Voor het aanvullend pensioen kon alleen worden geput uit gegevens van de pensioenfondsen van werknemers. Ambtenaren hebben geen aanvullend pensioen en verzekeraars bezorgen voorlopig onvolledige informatie over het aanvullend pensioen van zelfstandigen aan het Pensioenkadaster. Terwijl intussen meer dan de helft van de werknemers in afspraak met de werkgevers een deel van het loon opzijlegt voor de tweede pensioenpijler, hadden in 2006 bijna 200.000 gepensioneerde werknemers met een rustpensioen ook een aanvullende uitkering.

‘In de sociale zekerheid kennen we het mattheuseffect: wie al veel heeft, zal meer krijgen. Het totale pensioeninkomen van gepensioneerde werknemers lijdt daar ook aan’, aldus Berghman. Zo hebben mannen niet alleen méér toegang tot de tweede pijler dan vrouwen (49 procent tegenover 19 procent), maar ook een hoger aanvullend pensioen. Omgezet naar een maandelijkse rente schommelt dit voor mannen tussen de 497 euro (alleenstaand) en de 645 euro (koppel). Voor vrouwen gaat het gemiddeld om 362 euro (alleenstaand) en 256 euro (koppel). Berghman: ‘Het aanvullende pensioen blijkt vooral weggelegd voor gepensioneerde werknemers met een hoog wettelijk pensioen en werkt de verschillen in de eerste pensioenpijler allesbehalve weg.’ (zie grafiek)

Dat straalt af op de sociale bescherming die het totale pensioenpakket biedt. Alleenstaande vrouwen zijn de meest kwetsbare groep: een derde heeft een pensioen van minder dan 878 euro. 6 procent van hen heeft een uitkering van niet eens 500 euro. Bij de koppels met één alleenstaandenpensioen haalt een derde de armoededrempel (1317 euro) niet. Van de koppels met een gezinspensioen heeft 20 procent het niet breder.

Ernstig land

‘We moeten in het pensioenbeleid weer een ernstig land worden.
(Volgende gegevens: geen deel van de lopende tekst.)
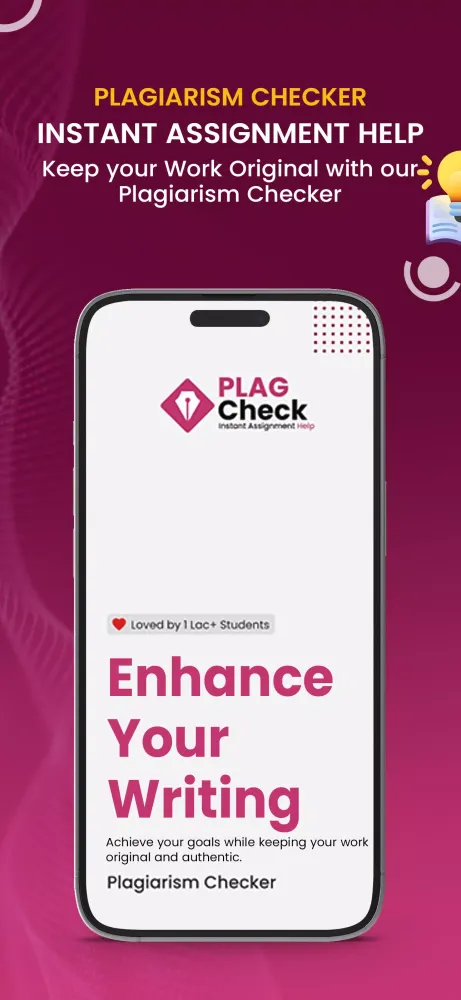 Assignment Plagiarism Checker Ekran Görüntüleri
Met partijen die zich alleen maar populair willen maken bij de zelfstandigen, komen we er niet. Met politici en vakbonden die zich beperken tot het louter verdedigen van het wettelijke pensioen, halen we het ook niet. Het individuele pensioensparen voorstellen als een volwaardige pensioenpolitiek in plaats van een fiscaal voordeel, helpt evenmin’, aldus Berghman. ‘We moeten erkennen dat de wettelijke pensioenen niet meer in staat zijn om gepensioneerden een hoge levensstandaard te garanderen. Ook moet worden toegegeven dat de aanvullende pensioenen intussen zeer ongelijke resultaten voor de pensioenbescherming bieden. Met die twee inzichten kunnen we voor de komende tien jaar aan de slag.’
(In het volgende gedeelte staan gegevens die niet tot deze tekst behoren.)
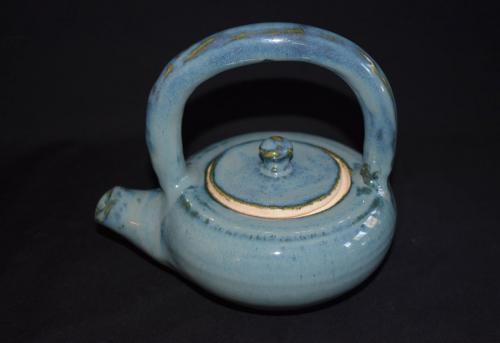 Evening Tea Pot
Berghman heeft enkele concrete ideeën. Zo wil hij de financiële kwetsbaarheid en afhankelijkheid van gepensioneerde vrouwen terugdringen. Dat kan door de periodes van kinderzorg mee op te nemen in de pensioenberekening. Een andere mogelijkheid voor getrouwde of samenwonende vrouwen is de splitsing van de pensioenrechten die beide partners opbouwen. Dat systeem resulteert in ‘een billijke verdeling van de kosten of lasten van het gezinsleven, zeker in het geval van een scheiding of het overlijden van de partner’.
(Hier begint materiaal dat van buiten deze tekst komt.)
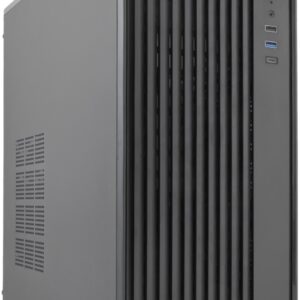 Caixa ATX A850 (Preto) - COOLBOX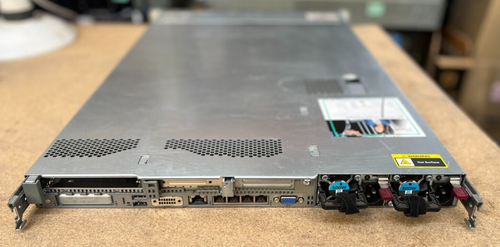 HP ProLiant DL360 G9 Gen9 Server 2x Xeon E5-2630 v3 @2.4GHz 16GB l NoHDD 2xPSU - Picture 5 of 5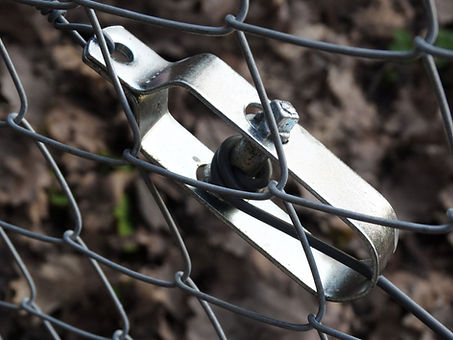 Chain Link Fence Installation Company in Atlanta Ga.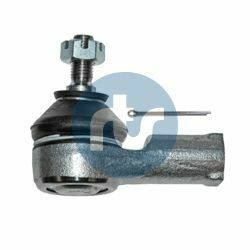 Наконечник тяги рульової Honda Civic VII 01-05/CR-V II 01-07 Наконечник тяги рульової Honda Civic VII 01-05/CR-V II 01-07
Voorts vindt Berghman dat bij het wettelijke pensioen nog een verbetering mogelijk is voor de zwakkere groepen (vrouwen, koppels met één pensioen, oudere pensioenen, ouderen met een inkomensgarantieregeling). Het CeSO berekende dat het 1,7 miljard euro kost om alle gepensioneerden individueel een inkomen boven de armoedegrens te garanderen. Voor alle gepensioneerde huishoudens vergt dat goed 1 miljard. Berghman verwijst daarbij niet toevallig naar de fiscale kosten van het individuele pensioensparen: 680 miljoen in 2006.

Ten slotte pleit Berghman voor een uitbreiding van de tweede pensioenpijler naar werknemers uit minder sterke bedrijfssectoren en naar werknemers met atypische en onderbroken loopbanen. ‘Belangrijk is zeker al de aanvullende pensioenregeling die gepland is voor de non-profitsector. Dan neemt het aantal werknemers in dat systeem met zo’n 20 procent toe. Maar ook de rest moet mee. Als ik minister van Werk was, zou ik geen enkel sectoraal of bedrijfsakkoord tussen werkgevers en vakbonden meer aanvaarden als ze niets over een aanvullend pensioen hebben afgesproken.’